Hoe een landverrader er toch nog in is geluisd.
Tijdens de Duitse bezetting mocht de Nationaal-Socialistische Beweging, de NSB, de Duitsers op allerlei manieren van dienst zijn, maar echte macht kreeg de partij niet. De Leider van de NSB, Anton Mussert, zinde op manieren om zijn invloed te vergroten.
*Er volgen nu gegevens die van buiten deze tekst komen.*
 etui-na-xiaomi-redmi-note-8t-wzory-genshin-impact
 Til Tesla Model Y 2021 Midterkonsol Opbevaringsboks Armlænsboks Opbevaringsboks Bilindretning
Een van zijn medewerkers bedacht toen het Raad van State-plan. Dit berustte op de redenering dat de Koningin, zoals de Grondwet het noemde, “buiten staat was geraakt de regeering waar te nemen” (zij was namelijk in ballingschap in Londen, waar zij overigens energiek doorging met regeren). Er er was ook geen ander lid van het Koninklijk Huis die als regent kon optreden, want die zaten ook allemaal in Engeland, of in Canada. Dat betekende wat Mussert betreft dat de Raad van State het koninklijk gezag kon waarnemen, want als het koningshuis de troon niet kan vervullen, springt de Raad van State in het gat – dat detail van het plan klopte nog wel. De bezetter moest, zo vond Mussert, eerst een aantal NSB-ers in de Raad benoemen, en daarna kon de Raad hem, Mussert, met een gerust hart belasten met het regentschap. Die daar wel raad mee zou weten.
Het is een redenering waar juridisch nog wel wat op af te dingen valt. Belangrijker: het hele plan stond buiten de politieke realiteit, en die was dat de NSB geen echte invloed mocht hebben. Een leep plannetje met de Raad van State hielp daarbij niet. Het plan is dan ook in een bureaula blijven liggen.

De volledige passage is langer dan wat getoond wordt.